What should the CPOV say about change eventes? What are the essential characteristics we should capture? Do we need to define sub classes of chage event? How can we offer something useful without defining an ontology of events (which would be a separate and large project).
Component
DocumentationCategory
feature
Login or
create an account to comment.
Comments
There are a few events that come to mind as being important:
For example, when tracking the budgets of departments over time, it's important to be able to track these changes in order to produce a rigorous analysis.
The problem of tracing the temporal evolution of a concept (including an organization) is neither trivial nor complicated task.
Making the following distinctions and answering the following questions should help clarifying the approach:
It gets more complicated than that. You intrinsically have two ways to identify a public organization :
In the first case, you see a public organization and define it, with lifecycle management, official naming, etc... You come acrosse questions such as : do we want to trace name changes? (for the record, I'm for delta's - not snapshots).
The second case gives a meaning to the public organization (is also an extra concept (skos:Concept?) in the vocabulary - cf. Registered Organizations vocabulary). The occurence of that same public organization in the legal framework has its own lifecycles that should be captures. Eg Organization Y (in essence private) gets controlled by central government due to sudden financial ownership (stocks being bought by public org's). So according to ESR2010, it becomes a public organisation. Two years later, policy changes and Org Y is privatized. Life as a public organization stops at that moment.
So we have to capture change events in the Organization itself as well as in its occurence in the legal framework.
This also applies to the issue about 'what is the core of an organization that we want to capture'. Location for me isn't what defines an organization. It is an important aspect, but relates to other cores (eg INSPIRE models). Time change capture should be on that relation also.
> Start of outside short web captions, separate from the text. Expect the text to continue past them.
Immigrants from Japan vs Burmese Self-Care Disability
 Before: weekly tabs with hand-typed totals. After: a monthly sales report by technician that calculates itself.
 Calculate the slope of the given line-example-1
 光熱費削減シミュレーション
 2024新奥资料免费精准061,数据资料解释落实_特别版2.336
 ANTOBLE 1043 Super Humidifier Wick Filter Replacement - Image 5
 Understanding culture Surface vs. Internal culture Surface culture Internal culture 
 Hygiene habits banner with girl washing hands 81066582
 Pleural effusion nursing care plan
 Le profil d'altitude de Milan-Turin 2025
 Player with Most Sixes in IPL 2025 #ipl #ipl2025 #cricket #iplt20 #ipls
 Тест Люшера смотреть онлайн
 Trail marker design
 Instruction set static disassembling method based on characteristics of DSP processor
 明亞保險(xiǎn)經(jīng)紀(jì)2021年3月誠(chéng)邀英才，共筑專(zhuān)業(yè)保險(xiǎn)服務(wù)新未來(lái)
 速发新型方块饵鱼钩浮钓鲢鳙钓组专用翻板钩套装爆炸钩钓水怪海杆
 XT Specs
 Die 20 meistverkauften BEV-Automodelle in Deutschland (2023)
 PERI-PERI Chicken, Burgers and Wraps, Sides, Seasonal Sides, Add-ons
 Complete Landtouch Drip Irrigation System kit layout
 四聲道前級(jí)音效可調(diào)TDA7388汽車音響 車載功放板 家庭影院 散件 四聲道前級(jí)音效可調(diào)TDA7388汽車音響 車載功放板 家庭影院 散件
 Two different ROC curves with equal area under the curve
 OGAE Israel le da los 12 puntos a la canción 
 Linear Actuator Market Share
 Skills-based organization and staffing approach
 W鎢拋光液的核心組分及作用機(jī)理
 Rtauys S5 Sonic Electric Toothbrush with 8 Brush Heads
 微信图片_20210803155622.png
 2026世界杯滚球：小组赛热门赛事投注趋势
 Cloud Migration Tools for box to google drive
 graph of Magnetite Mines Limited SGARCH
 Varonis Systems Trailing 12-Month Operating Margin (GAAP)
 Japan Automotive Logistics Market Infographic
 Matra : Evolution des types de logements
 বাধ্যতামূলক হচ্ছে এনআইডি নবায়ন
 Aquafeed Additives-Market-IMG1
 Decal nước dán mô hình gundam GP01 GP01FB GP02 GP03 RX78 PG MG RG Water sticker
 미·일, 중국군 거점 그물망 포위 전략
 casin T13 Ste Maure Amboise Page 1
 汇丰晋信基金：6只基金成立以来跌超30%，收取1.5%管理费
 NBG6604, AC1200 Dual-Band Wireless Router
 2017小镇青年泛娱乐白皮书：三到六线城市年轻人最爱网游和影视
if we take a working definition of a change event as 'something occuring at a certain timestamp, or between a start timestamp and end timestamp, which affects a property or properties of an entity', then the basic properties of an event start to become clear - it needs to refer to a entity, it needs to refer to the property or properties which were affected, it needs to have a start and end timestamps (which may have the same value).
Given that a single change event on one entity can map to multiple change events on other entities (e.g. a change at EU level would map to change events on individual member states which may differ in the altered properties), then a hierarchy is also required. A change event therefore needs references to its parent change event and any child change events. This structure also allows sibling change events to be followed, via the parent.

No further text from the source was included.